# Bob O Cycle, Pull Trike And Scooter



## 39zep (Feb 16, 2016)

Hey Guys,
Looking for info and potential value.  Not looking to sell. My family owns a new Bob O Cycle like the one in the pic. I think it is NOS in the box. I also came with a two wheel scooter and a small lawn mower. I asked my Dad and he thought they were originals. Were these toys reproduced at some point? Any idea of value? Most sites want a username, login and cash to see what auction prices were. Any info greatly appreciated.


----------



## Wing Your Heel (Feb 17, 2016)

Many 1930s-50s riding toys have been reproduced and they are often hard to tell apart, especially when they have a bit of wear that makes them look old. But if your Bob O Cycle is in its box you can easily tell from the box if it is original. 

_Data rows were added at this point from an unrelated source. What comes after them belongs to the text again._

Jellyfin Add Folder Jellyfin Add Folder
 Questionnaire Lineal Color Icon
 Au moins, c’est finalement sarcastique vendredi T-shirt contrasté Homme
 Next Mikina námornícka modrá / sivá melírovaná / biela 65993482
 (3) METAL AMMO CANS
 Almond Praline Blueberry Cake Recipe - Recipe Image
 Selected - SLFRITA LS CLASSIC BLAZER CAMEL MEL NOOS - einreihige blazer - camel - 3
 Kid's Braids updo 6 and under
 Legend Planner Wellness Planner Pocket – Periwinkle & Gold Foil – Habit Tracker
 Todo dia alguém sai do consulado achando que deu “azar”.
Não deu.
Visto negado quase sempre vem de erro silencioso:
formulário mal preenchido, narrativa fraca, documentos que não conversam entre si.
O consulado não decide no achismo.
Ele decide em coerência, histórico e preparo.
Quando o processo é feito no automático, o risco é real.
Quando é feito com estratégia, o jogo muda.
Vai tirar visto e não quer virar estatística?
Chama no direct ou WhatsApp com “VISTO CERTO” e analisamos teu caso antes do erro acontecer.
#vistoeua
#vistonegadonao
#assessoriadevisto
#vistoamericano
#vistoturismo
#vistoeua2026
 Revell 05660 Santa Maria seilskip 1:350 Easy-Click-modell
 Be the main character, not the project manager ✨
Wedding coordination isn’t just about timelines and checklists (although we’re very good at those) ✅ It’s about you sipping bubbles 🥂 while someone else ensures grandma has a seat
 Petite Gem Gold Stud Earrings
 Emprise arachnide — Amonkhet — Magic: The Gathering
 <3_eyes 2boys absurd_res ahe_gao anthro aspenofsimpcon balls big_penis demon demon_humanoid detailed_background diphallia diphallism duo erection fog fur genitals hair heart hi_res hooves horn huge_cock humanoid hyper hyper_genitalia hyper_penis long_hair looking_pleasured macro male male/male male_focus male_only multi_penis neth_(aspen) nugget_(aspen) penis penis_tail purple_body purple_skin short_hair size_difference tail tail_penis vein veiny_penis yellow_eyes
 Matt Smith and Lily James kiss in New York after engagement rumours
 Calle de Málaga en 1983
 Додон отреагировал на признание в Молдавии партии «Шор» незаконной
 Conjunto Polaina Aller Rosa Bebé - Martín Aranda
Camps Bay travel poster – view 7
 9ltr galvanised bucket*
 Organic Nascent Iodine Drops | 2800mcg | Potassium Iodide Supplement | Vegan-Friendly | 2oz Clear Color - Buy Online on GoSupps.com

Re internet, most similar items sold over past years were at COPAKE AUCTION. If you search their catalogues on their actual website you'll avoid those auction report websites where you have to pay to find out sale prices.

Value is irrelevant if you're not selling, as logically its value only relates to what you can get for it at a given time. But (for insurance purposes for example) I'd suggest asking price around $500 if it was on the market right now. Limited market if you ask more than that, as unless a potential buyer has a history with this particular model (and no financial limitations), its attraction to the general collector is original condition combined with reasonable price. In general, 'Tot' size toys have cheaper values. The similar (but larger) 'Jockey Cycle' is often 'boosted' as a high-value collectible piece but is rarely worth the asking price. Well-known quality-made brand name and original decals add to value.

Bear in mind that NOS with original box makes it collectible, but also means that it can never be used by a child in case they damage it - the irony of collectible riding toys. Values of any items that can't be ridden by the buyer - decorative pieces or 'wall hangers' as they're often called - usually relate not so much to the items themselves, but to what else you could buy for the same money. You could work that out yourself by looking at other interesting ORIGINAL riding toys when they (occasionally) come up on ebay, see their eventual sale price (not asking price) and adjust the value of yours according to which one seems more interesting.
Hope that helps (and also helps other folks with similar questions)
Colin
(Not looking to buy)


----------



## locomotion (Feb 18, 2016)

similar in function as a Donaldson trike


----------